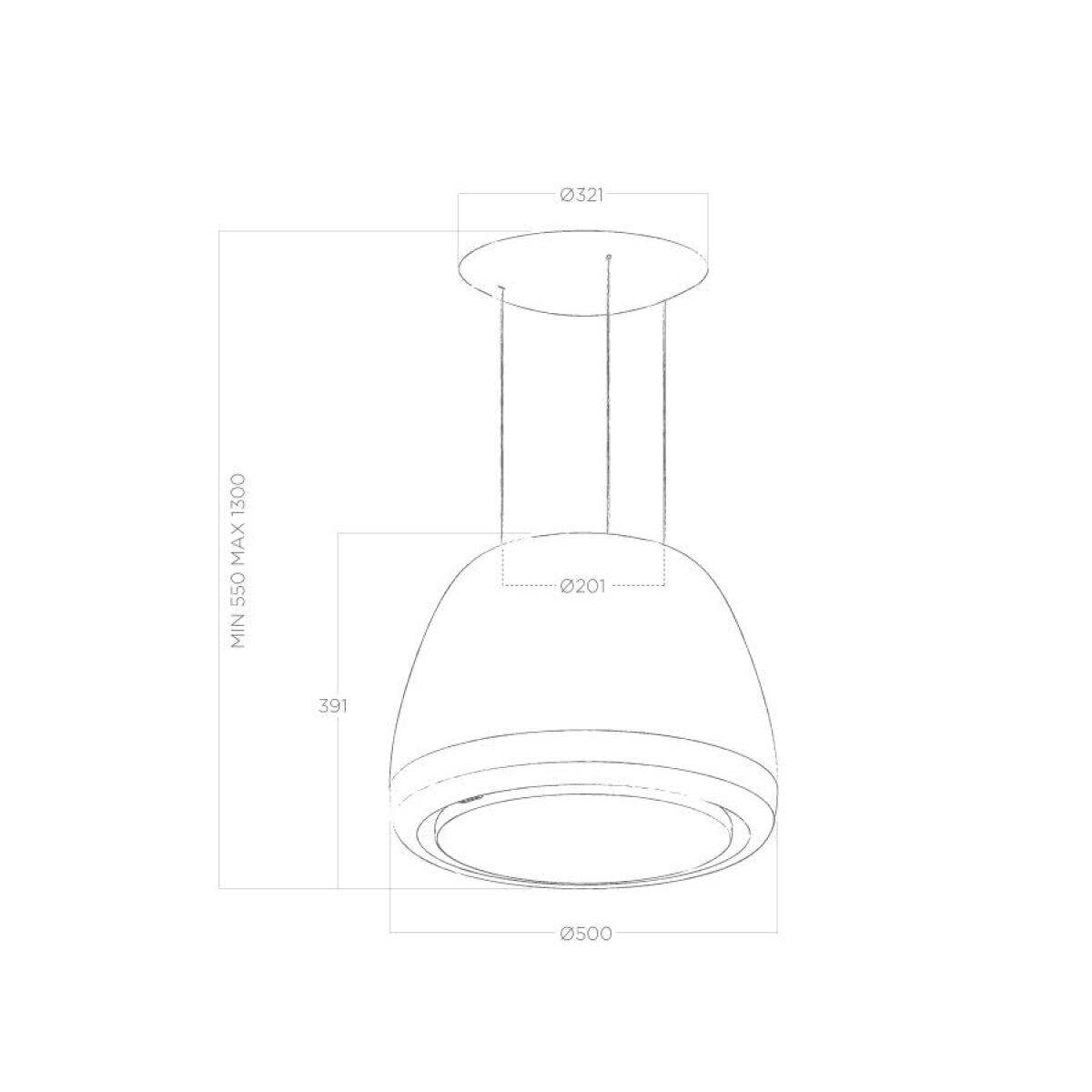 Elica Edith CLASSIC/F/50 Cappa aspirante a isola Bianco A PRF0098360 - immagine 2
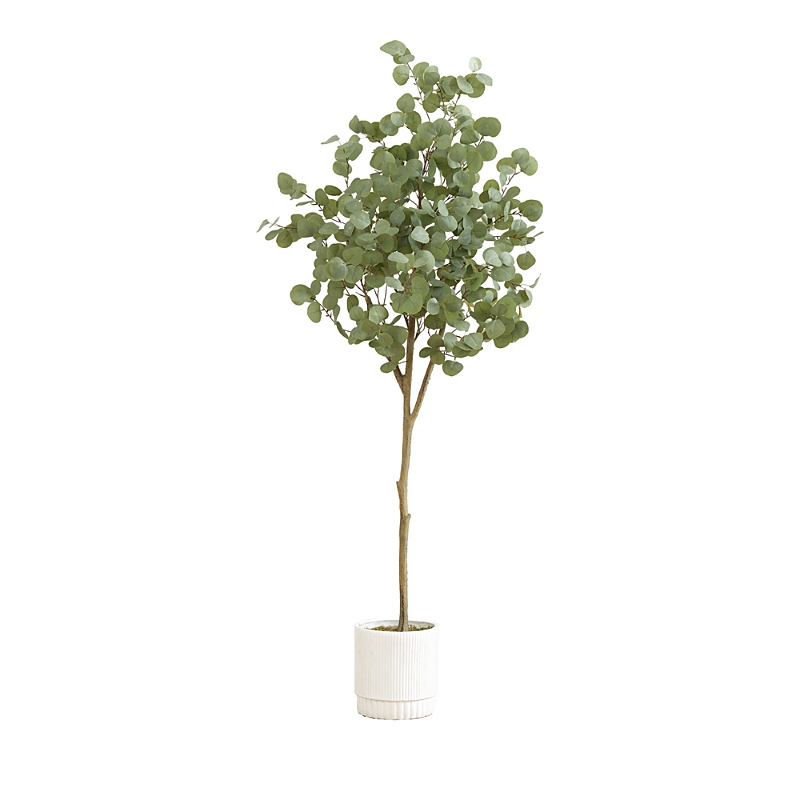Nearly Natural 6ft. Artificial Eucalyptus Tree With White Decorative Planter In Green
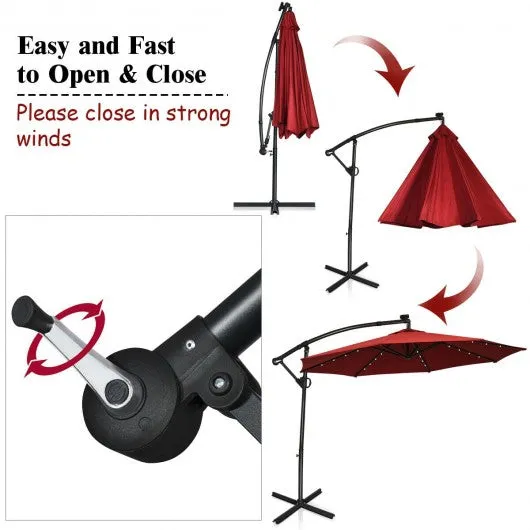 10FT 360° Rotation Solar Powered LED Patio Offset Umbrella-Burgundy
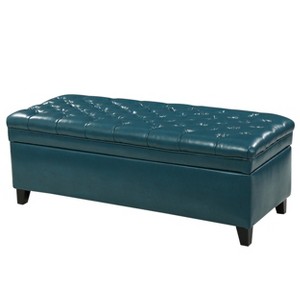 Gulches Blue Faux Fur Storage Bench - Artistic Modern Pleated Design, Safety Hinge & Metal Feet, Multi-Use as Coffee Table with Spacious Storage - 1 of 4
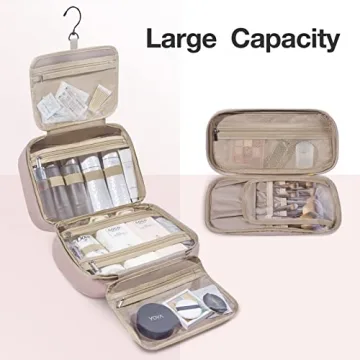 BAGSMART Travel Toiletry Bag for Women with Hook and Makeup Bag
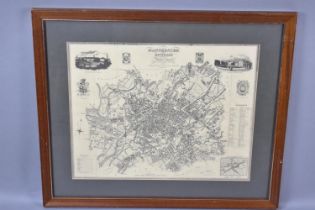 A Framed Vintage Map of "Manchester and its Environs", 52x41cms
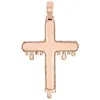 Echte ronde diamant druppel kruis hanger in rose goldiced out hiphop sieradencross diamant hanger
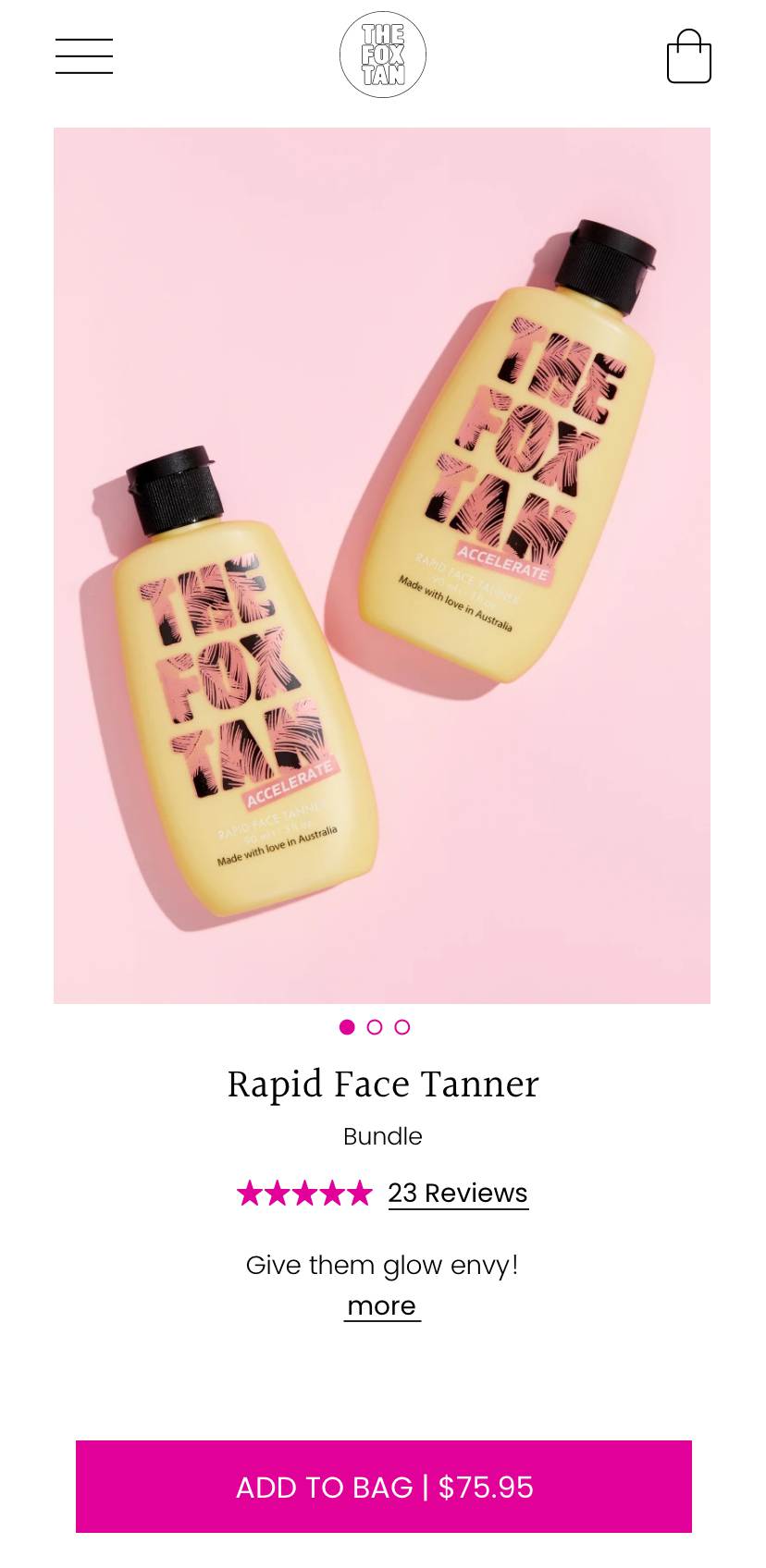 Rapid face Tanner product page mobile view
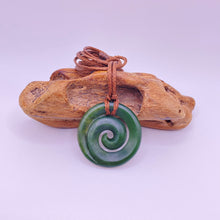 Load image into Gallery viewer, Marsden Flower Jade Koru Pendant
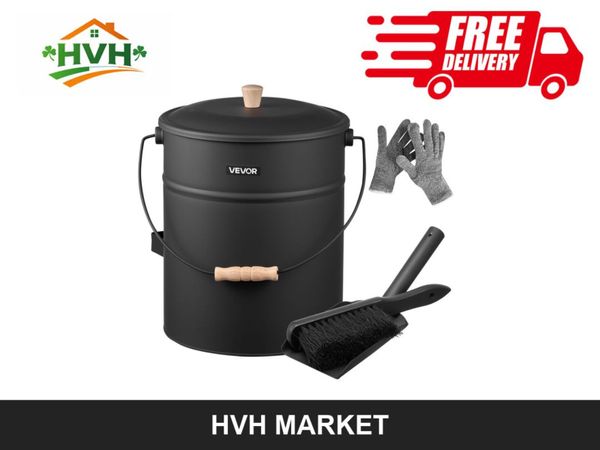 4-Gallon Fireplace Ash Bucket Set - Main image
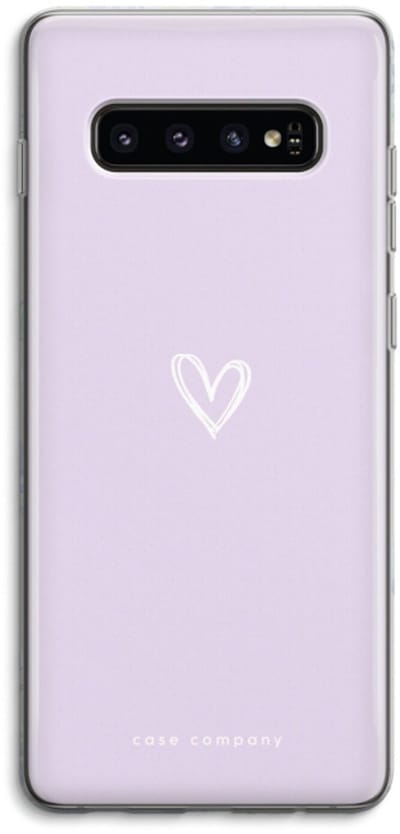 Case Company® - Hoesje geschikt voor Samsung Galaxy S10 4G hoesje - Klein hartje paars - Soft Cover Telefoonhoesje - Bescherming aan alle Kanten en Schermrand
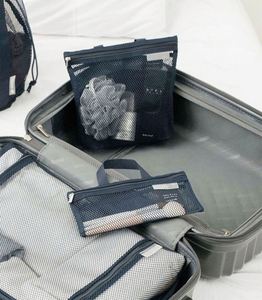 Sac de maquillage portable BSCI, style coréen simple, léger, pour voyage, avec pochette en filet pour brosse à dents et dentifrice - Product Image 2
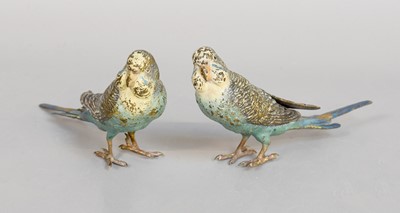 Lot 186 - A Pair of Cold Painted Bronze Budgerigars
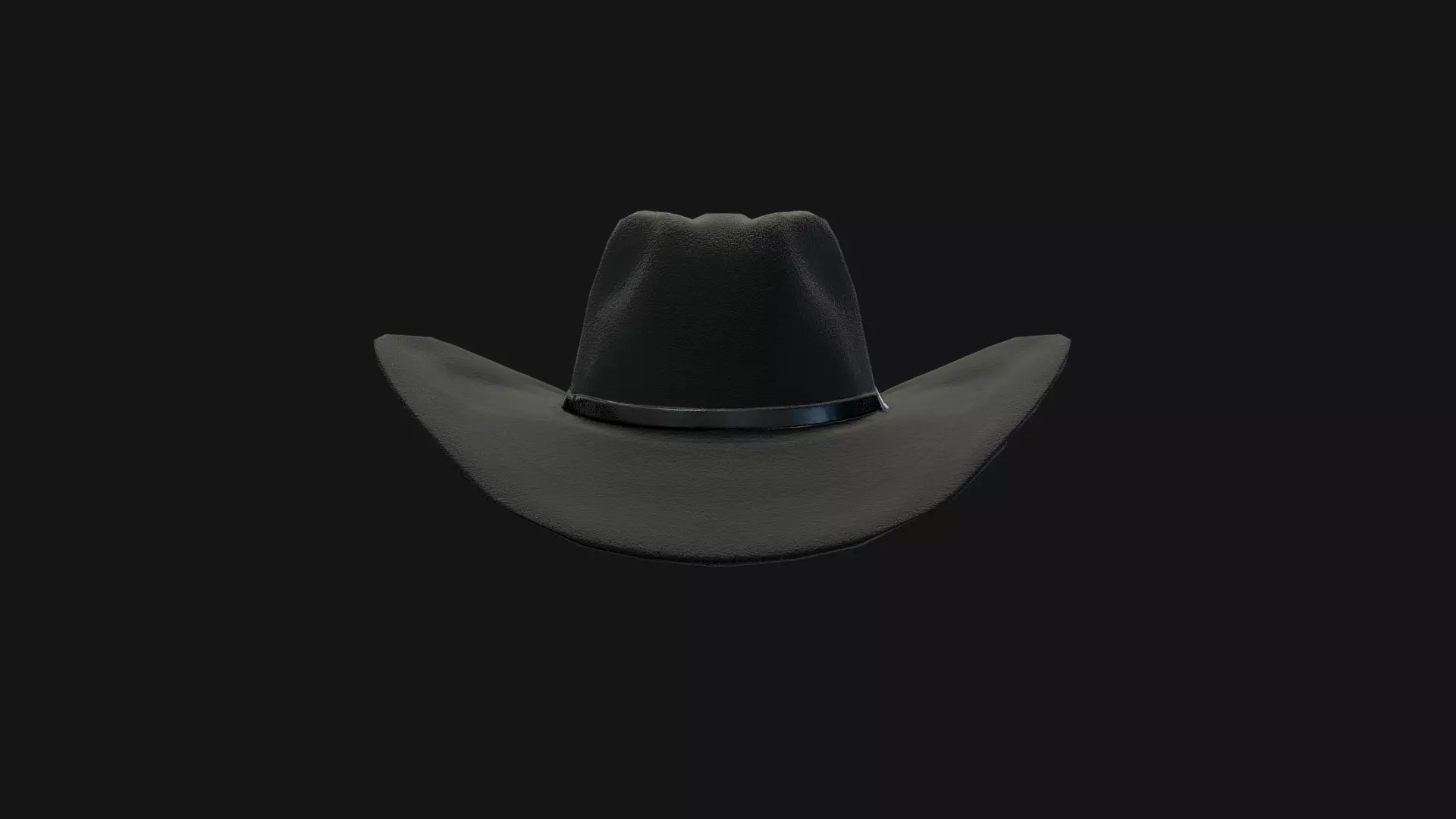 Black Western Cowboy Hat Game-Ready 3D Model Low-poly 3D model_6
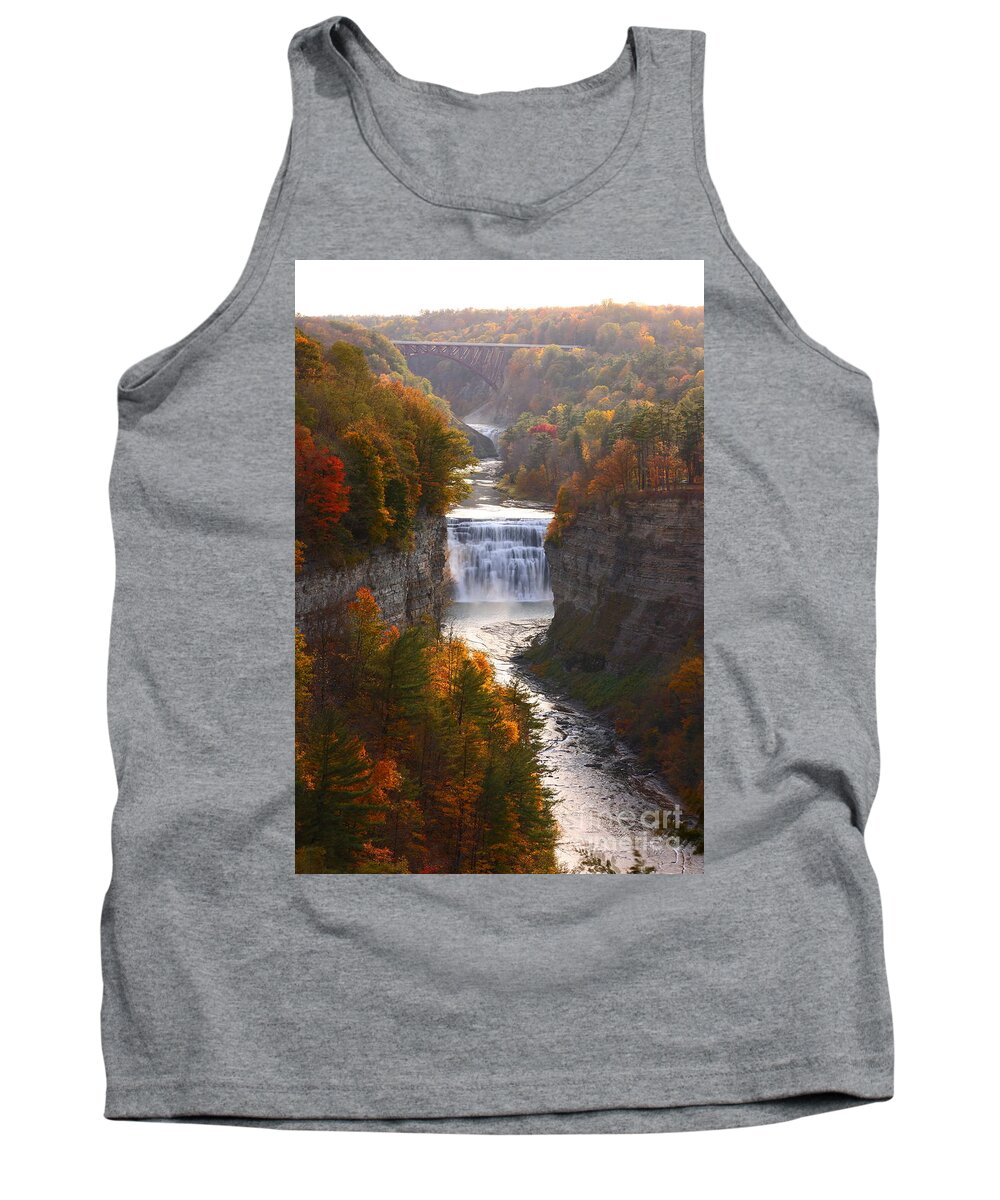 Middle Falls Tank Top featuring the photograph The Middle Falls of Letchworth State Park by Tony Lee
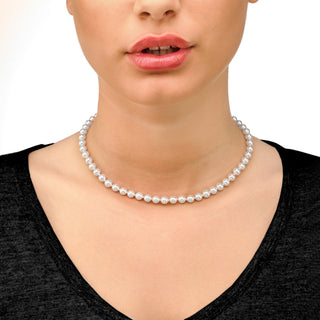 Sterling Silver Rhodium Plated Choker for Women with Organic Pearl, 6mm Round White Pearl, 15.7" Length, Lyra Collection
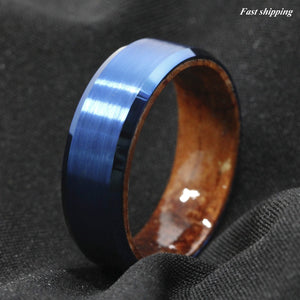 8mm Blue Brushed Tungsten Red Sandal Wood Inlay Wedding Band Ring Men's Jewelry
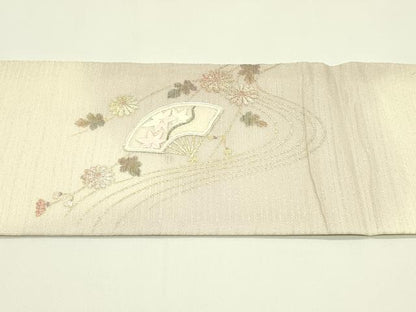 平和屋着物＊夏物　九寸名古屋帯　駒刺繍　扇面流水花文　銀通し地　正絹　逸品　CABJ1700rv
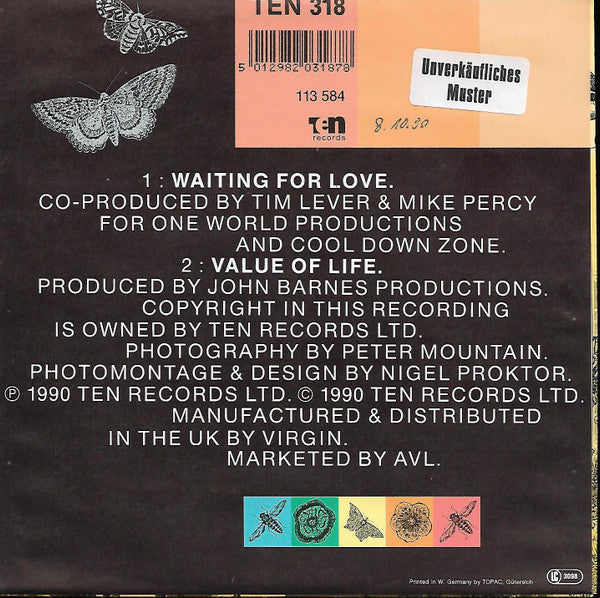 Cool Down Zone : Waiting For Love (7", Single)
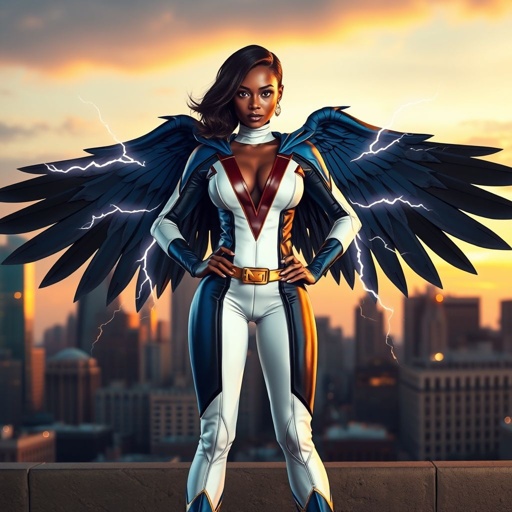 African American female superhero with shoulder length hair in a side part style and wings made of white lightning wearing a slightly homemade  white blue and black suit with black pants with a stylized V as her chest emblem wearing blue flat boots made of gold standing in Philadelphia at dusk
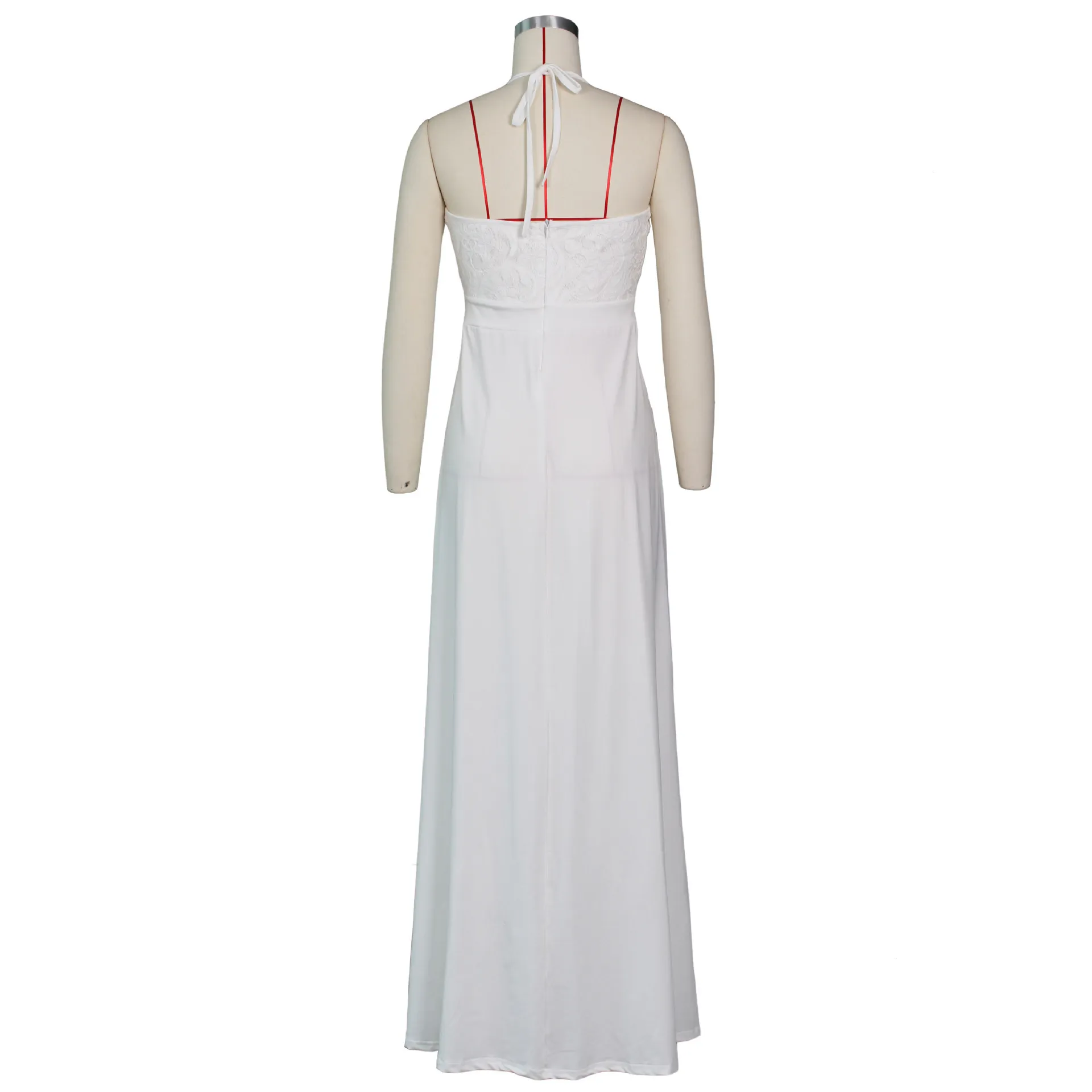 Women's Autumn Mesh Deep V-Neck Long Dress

**What is being asked**: With the pictures omitted, copy exactly the lines of the listing above starting at the line containing "A Framed Vintage" and ending at the line containing "Cool Down Zone", both included.

**Solution to this task**:
 A Framed Vintage Map of "Manchester and its Environs", 52x41cms
 Echte ronde diamant druppel kruis hanger in rose goldiced out hiphop sieradencross diamant hanger
 Rapid face Tanner product page mobile view
 Load image into Gallery viewer, Marsden Flower Jade Koru Pendant
 4-Gallon Fireplace Ash Bucket Set - Main image
 Case Company® - Hoesje geschikt voor Samsung Galaxy S10 4G hoesje - Klein hartje paars - Soft Cover Telefoonhoesje - Bescherming aan alle Kanten en Schermrand
 Sac de maquillage portable BSCI, style coréen simple, léger, pour voyage, avec pochette en filet pour brosse à dents et dentifrice - Product Image 2
 Lot 186 - A Pair of Cold Painted Bronze Budgerigars
 Black Western Cowboy Hat Game-Ready 3D Model Low-poly 3D model_6
 Middle Falls Tank Top featuring the photograph The Middle Falls of Letchworth State Park by Tony Lee
 Sterling Silver Rhodium Plated Choker for Women with Organic Pearl, 6mm Round White Pearl, 15.7" Length, Lyra Collection
 8mm Blue Brushed Tungsten Red Sandal Wood Inlay Wedding Band Ring Men's Jewelry
 平和屋着物＊夏物　九寸名古屋帯　駒刺繍　扇面流水花文　銀通し地　正絹　逸品　CABJ1700rv
 Cool Down Zone : Waiting For Love (7", Single)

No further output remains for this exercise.